Non solo mare, Etna e barocco. Le potenzialità del turismo a Catania potrebbero passare anche dalle inesplorate risorse archeologiche. Beni del periodo greco o romano, ma anche medievale e rinascimentale, per lo più sconosciuti ai cittadini, non sempre di facile accesso per i turisti e spesso nemmeno segnalati da un cartello. Se non immersi nel degrado. A mancare sono i fondi, ci si sente rispondere da più parti. Ma alla base sembra non esistere una vera programmazione da parte degli enti locali – su tutti la Regione Siciliana – che riescono a farsi sfuggire anche i finanziamenti europei pensati proprio per la tutela e la valorizzazione dei beni culturali. CTzen, con l’aiuto del tecnico archeologo catanese Iorga Prato, ha raccolto i principali in una mappa commentata: beni facilmente visibili e visitabili (in verde), bellezze da scoprire con un po’ di pazienza (in giallo) e veri e propri misteri negati a cittadini e turisti (in rosso). Una sorta di guida alla scoperta della Catania archeologica e all’analisi della sua occasione mancata. Almeno finora.
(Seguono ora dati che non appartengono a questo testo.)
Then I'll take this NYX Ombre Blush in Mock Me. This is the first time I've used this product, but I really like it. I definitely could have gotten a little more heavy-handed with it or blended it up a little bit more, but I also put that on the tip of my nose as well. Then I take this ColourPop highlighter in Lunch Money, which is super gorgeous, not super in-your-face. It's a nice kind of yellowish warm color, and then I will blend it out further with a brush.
Dei 103 siti censiti nella recente mappa a cura degli archeologi Maria Grazia Branciforti – anche direttrice del parco archeologico etneo – e Vincenzo La Rosa, meno della metà esistono ormai solo in letteratura. Aggiungendo quelli fuori dalle mura Cinquecentesche della città o di periodi successivi, la situazione non migliora. L’entusiasmo per una cartina per metà colorata di verde passa presto quando si nota che la maggior parte dei beni liberamente fruibili non rientra in nessun progetto. E spesso non è nemmeno segnalata da un cartello che aiuti il turista meno esperto, come nel caso dei resti del ‘600 dell’acquedotto benedettino, tra le opere idrauliche più imponenti del suo tempo.
Fanno eccezione alcune delle testimonianze del passato che rientrano sotto la tutela del parco archeologico etneo, come il teatro romano di Catania, meta principale dei turisti che approdano in città anche solo per pochi giorni. Una struttura, quella del parco-museo, che presto potrebbe diventare autonoma, staccandosi dall’assessorato regionale ai Beni culturali – da cui oggi dipende -, con tanti progetti ma poche risorse.
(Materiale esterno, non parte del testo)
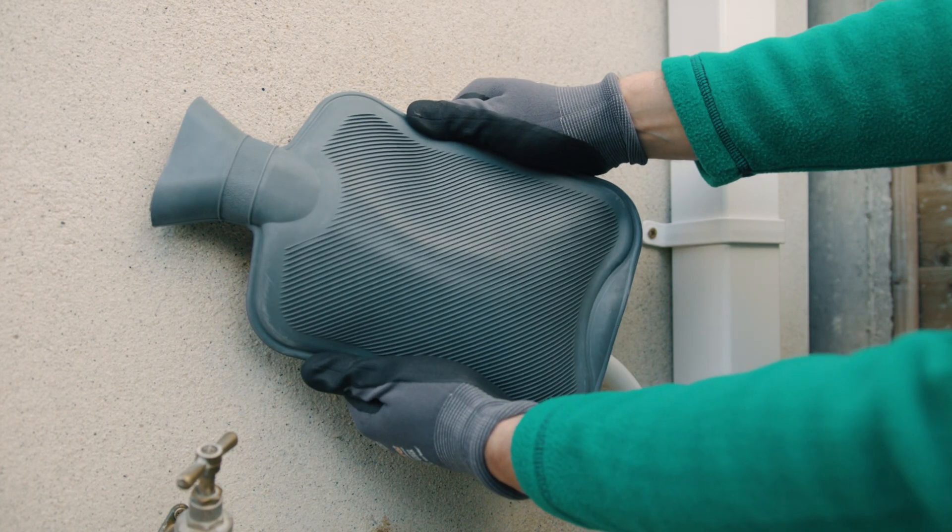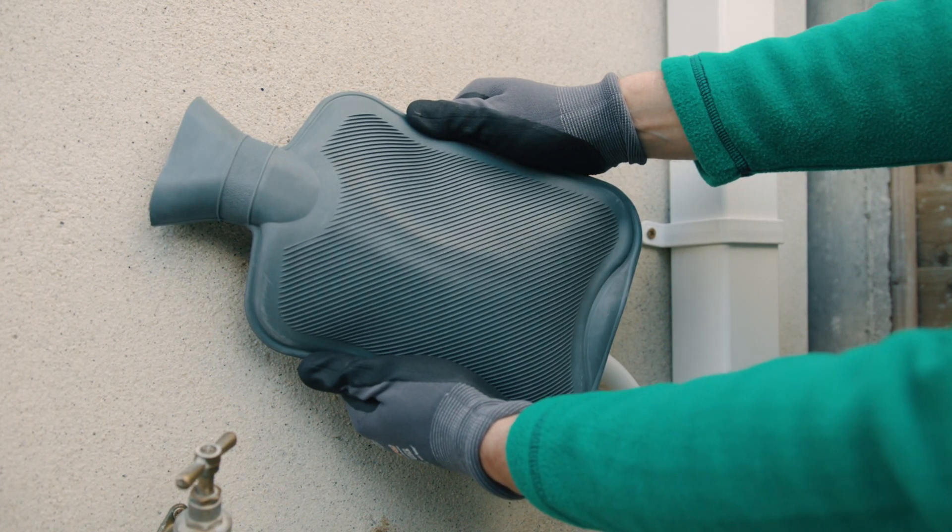A hot water bottle with warm water held around the pipe can do the job also. Hopefully this will get you back up and running in no time.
Al gruppo dei resti archeologici in giallo appartengono per lo più quelli che si trovano in strutture o terreni privati. Tra i più noti, il cosiddetto mausoleo Modica, nell’omonima villa, o la necropoli sotto ai grandi magazzini La Rinascente. Ma anche testimonianze in anonimi condomini. Nonostante la legge prescriva al proprietario di tutelare il bene e renderlo accessibile su richiesta, troppo spesso la norma viene ignorata. Senza troppa pressione da parte della Sovrintendenza etnea. Nella stessa categoria si trovano anche strutture antiche accessibili su prenotazione e altre solo parzialmente visitabili per motivi di sicurezza.
Alla zona rossa, infine, appartengono i beni non accessibili. Perché chiusi dentro strutture private abusive o edifici pubblici abbandonati. Ma anche perché circondati da barriere architettoniche che nessuno si è mai preoccupato di rimuovere. Come nel caso dell’ex convento dei Gesuiti – chiuso da anni e in attesa di un progetto di messa in sicurezza – o degli scavi di via Crociferi – il cui accesso attende ancora di essere adeguato alle normative europee. In entrambi i casi diretta responsabilità della Regione Sicilia.
Ma in uno scenario desolante sono tanti i cittadini che non si arrendono e fanno da sé. Come spesso accade anche per altri servizi cittadini. Associazioni come Etna ‘ngeniousa, Officine Culturali e Gammazita garantiscono infatti ai visitatori – su base volontaria – tour dei beni o anche solo la possibilità di fruirne. Un modello ancora troppo poco imitato dalle istituzioni.